### About this task
Reproduce exactly the lines of the material beneath, from the line that contains "Dragon Guardian Enchanted" to the line that contains "Womens Embroidered Teddy", both included, and no other lines.
** Opening Dataset block **
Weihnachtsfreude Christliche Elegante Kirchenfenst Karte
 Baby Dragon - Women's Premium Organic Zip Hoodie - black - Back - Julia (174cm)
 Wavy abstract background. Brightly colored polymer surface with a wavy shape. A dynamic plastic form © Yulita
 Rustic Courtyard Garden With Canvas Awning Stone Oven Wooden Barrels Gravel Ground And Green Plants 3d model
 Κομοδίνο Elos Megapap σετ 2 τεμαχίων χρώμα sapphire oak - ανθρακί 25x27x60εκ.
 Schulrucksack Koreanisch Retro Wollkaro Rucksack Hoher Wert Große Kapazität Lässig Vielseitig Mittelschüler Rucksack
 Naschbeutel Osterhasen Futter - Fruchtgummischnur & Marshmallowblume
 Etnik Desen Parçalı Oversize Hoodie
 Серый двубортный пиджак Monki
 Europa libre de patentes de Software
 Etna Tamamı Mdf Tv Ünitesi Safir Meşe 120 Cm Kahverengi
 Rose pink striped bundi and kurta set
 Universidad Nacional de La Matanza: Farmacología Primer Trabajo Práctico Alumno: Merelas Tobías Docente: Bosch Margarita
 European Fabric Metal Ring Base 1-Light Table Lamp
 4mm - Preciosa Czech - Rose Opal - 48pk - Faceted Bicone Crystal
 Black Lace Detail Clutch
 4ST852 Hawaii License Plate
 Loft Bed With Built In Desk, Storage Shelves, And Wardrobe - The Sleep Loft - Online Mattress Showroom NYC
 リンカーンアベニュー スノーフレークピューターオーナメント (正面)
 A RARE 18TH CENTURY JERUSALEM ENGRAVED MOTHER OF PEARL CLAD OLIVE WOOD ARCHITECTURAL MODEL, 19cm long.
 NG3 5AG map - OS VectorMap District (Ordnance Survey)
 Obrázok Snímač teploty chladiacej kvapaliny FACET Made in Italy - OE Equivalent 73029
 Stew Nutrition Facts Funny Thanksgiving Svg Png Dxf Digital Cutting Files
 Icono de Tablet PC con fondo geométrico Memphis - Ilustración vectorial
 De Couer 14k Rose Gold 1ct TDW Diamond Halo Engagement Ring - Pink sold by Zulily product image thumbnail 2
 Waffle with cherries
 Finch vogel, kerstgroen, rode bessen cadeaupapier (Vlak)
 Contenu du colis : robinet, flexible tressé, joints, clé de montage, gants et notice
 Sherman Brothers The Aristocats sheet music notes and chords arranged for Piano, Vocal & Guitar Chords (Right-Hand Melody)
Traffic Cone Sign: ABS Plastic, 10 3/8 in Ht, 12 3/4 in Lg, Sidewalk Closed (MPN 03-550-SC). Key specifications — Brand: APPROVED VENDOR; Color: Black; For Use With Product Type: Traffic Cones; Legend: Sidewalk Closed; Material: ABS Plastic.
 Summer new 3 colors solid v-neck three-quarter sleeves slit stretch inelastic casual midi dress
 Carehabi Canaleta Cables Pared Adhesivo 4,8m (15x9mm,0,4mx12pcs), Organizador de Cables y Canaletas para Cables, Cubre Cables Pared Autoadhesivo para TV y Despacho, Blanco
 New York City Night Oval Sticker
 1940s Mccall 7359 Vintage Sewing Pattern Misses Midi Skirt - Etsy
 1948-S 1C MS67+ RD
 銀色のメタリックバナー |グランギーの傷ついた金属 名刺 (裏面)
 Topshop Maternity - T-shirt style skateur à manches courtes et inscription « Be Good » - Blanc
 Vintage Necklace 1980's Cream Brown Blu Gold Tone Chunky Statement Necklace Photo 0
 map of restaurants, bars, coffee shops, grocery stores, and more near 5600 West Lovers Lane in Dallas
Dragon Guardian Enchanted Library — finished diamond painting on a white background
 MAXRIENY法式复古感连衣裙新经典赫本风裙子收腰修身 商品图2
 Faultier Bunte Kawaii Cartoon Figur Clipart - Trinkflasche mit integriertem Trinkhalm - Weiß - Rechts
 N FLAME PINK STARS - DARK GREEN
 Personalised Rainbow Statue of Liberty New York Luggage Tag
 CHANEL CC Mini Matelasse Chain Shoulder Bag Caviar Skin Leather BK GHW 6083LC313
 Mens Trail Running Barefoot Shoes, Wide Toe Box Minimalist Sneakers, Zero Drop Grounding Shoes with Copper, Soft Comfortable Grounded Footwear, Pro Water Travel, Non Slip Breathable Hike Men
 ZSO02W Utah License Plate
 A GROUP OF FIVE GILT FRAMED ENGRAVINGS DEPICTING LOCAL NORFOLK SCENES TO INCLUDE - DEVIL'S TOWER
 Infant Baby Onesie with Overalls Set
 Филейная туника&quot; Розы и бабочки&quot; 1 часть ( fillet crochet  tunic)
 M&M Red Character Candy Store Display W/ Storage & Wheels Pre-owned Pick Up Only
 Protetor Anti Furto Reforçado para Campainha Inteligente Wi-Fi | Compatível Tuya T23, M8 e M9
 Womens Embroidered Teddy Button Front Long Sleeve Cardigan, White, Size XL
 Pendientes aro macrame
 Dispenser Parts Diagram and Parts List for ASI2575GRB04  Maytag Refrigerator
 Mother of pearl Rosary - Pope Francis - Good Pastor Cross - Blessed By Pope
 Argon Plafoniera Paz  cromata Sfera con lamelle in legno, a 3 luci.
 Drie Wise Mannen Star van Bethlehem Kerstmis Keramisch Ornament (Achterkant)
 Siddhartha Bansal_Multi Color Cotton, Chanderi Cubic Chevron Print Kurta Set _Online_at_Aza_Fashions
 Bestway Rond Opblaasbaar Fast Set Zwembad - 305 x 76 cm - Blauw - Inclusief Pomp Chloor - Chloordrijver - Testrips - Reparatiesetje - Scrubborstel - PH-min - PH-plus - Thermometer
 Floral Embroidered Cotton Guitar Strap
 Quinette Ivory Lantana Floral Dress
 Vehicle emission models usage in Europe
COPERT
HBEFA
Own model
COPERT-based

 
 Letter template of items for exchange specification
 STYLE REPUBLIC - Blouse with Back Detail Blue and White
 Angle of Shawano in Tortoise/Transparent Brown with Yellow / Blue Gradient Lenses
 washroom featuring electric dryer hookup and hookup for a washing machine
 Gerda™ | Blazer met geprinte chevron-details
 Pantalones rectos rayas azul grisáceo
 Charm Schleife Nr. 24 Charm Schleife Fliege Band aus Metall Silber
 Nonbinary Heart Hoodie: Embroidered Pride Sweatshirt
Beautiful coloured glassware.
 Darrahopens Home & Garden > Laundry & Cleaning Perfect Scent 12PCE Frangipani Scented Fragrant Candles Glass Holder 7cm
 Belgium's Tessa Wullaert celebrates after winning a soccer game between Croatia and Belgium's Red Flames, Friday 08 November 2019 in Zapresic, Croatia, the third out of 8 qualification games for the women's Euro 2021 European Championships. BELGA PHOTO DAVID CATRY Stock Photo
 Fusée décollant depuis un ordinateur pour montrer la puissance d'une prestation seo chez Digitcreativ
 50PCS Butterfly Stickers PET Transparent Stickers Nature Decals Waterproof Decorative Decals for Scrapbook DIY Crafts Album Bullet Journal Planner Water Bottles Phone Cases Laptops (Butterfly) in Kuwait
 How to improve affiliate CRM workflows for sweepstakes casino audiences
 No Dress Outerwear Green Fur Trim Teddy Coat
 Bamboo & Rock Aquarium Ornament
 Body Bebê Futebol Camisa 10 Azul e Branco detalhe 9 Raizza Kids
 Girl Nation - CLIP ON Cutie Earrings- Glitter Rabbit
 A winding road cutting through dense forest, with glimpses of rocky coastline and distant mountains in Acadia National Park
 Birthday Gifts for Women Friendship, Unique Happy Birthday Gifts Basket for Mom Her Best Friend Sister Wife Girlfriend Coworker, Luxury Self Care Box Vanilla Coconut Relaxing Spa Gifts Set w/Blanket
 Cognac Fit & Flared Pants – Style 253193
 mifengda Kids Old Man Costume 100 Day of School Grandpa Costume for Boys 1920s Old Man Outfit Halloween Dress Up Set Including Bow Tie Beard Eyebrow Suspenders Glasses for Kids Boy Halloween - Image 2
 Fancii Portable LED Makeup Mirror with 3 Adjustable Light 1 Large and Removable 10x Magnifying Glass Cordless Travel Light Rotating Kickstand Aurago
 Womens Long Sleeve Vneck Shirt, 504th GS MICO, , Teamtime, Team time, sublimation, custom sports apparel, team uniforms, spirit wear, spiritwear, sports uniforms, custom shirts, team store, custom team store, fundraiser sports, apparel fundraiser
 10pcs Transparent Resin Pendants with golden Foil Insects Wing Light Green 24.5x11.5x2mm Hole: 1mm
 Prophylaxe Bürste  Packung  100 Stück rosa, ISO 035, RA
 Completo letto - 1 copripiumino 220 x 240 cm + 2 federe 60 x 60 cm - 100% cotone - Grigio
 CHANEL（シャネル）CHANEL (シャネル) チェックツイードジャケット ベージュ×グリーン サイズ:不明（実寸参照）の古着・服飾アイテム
** Closing Dataset block **
### Result of this task
Dragon Guardian Enchanted Library — finished diamond painting on a white background
 MAXRIENY法式复古感连衣裙新经典赫本风裙子收腰修身 商品图2
 Faultier Bunte Kawaii Cartoon Figur Clipart - Trinkflasche mit integriertem Trinkhalm - Weiß - Rechts
 N FLAME PINK STARS - DARK GREEN
 Personalised Rainbow Statue of Liberty New York Luggage Tag
 CHANEL CC Mini Matelasse Chain Shoulder Bag Caviar Skin Leather BK GHW 6083LC313
 Mens Trail Running Barefoot Shoes, Wide Toe Box Minimalist Sneakers, Zero Drop Grounding Shoes with Copper, Soft Comfortable Grounded Footwear, Pro Water Travel, Non Slip Breathable Hike Men
 ZSO02W Utah License Plate
 A GROUP OF FIVE GILT FRAMED ENGRAVINGS DEPICTING LOCAL NORFOLK SCENES TO INCLUDE - DEVIL'S TOWER
 Infant Baby Onesie with Overalls Set
 Филейная туника&quot; Розы и бабочки&quot; 1 часть ( fillet crochet  tunic)
 M&M Red Character Candy Store Display W/ Storage & Wheels Pre-owned Pick Up Only
 Protetor Anti Furto Reforçado para Campainha Inteligente Wi-Fi | Compatível Tuya T23, M8 e M9
 Womens Embroidered Teddy Button Front Long Sleeve Cardigan, White, Size XL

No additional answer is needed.